In such situation the best course for a company is to hold the annual general meeting by the due date and get approval of members for reappointment of directors in place of those retiring by rotation and on other matters if any may be taken. As the annual accounts are not ready, the said meeting may be adjourned to a date not exceeding three months up to which the Registrar can grant extension in time. In Bejoy Kumar Karnani v Assistant Registrar of Companies (1985) 58 Comp Cas 273 (Cal), the Court did not approve the holding of an adjourned annual general meeting beyond the period of the extended date which can be allowed by the Registrar under the second proviso of section 166(1).
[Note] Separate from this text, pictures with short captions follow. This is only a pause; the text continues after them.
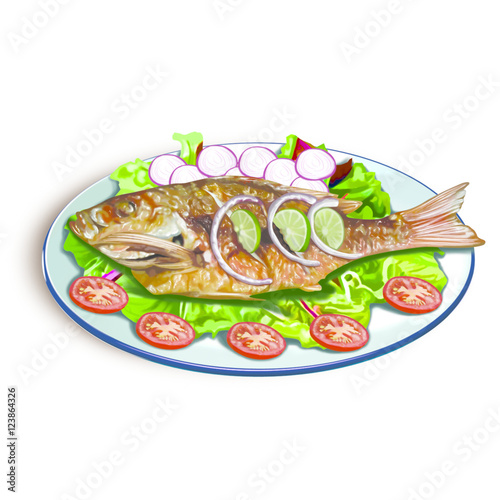 Photography Baked fish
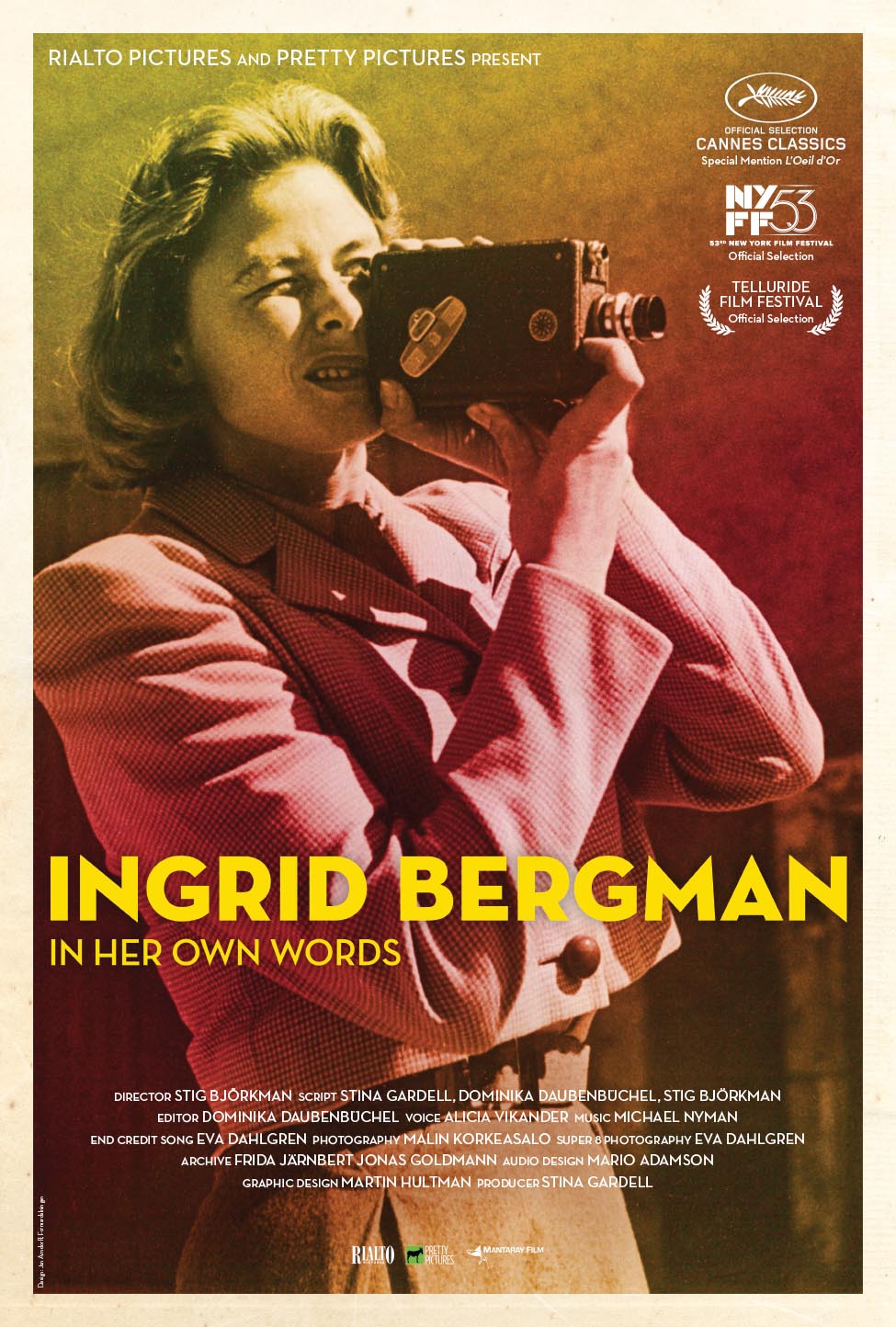 Ingrid Bergman and Alicia Vikander in Jag är Ingrid (2015)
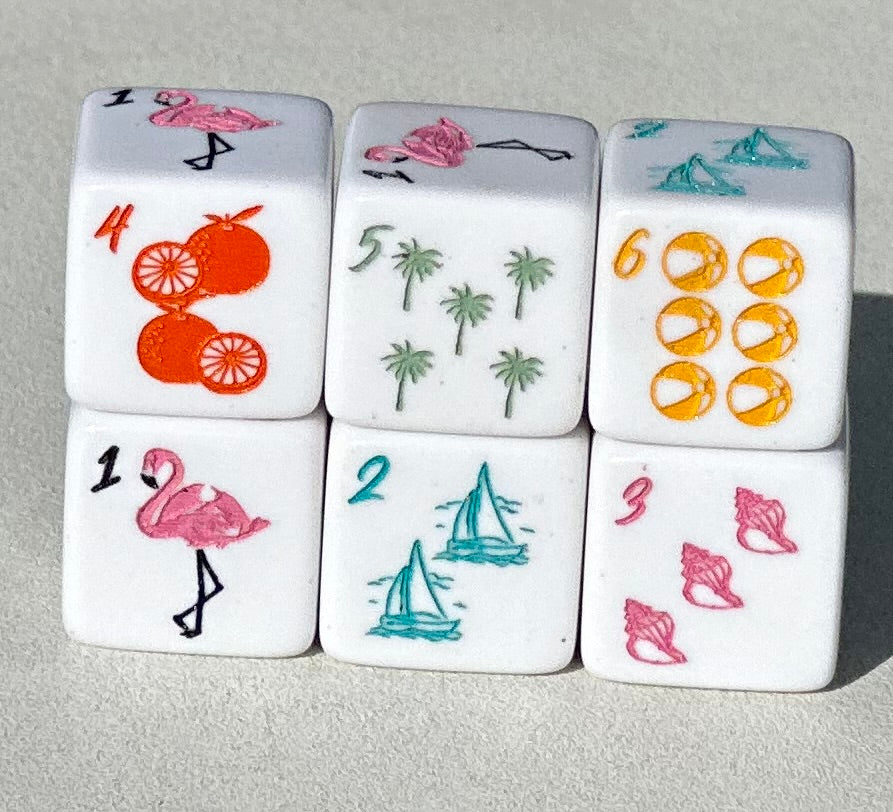 Florida Edition: Wish You Were Here (Or I was There) Mahjong Dice™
The court ruled that if a statute envisages that a meeting is to be held within a specified period, it follows by necessary implication that it must be completed within the said period.
In the case of T.V. Mathew v Nadukkara Agro Processing Co. Ltd. (2002) 46 CLA 101 (Ker), the High Court had given certain directions to be complies with within 3 months. But there were no directions in that order that before the AGM was convened the AGM should be deferred. The company had bona fide believed that convening the meeting before complying with the directions would be against the spirit of the judgment. Clearly, failure to convene the AGM was a continuing offence for which consequences are also provided under the Companies Act, 1956.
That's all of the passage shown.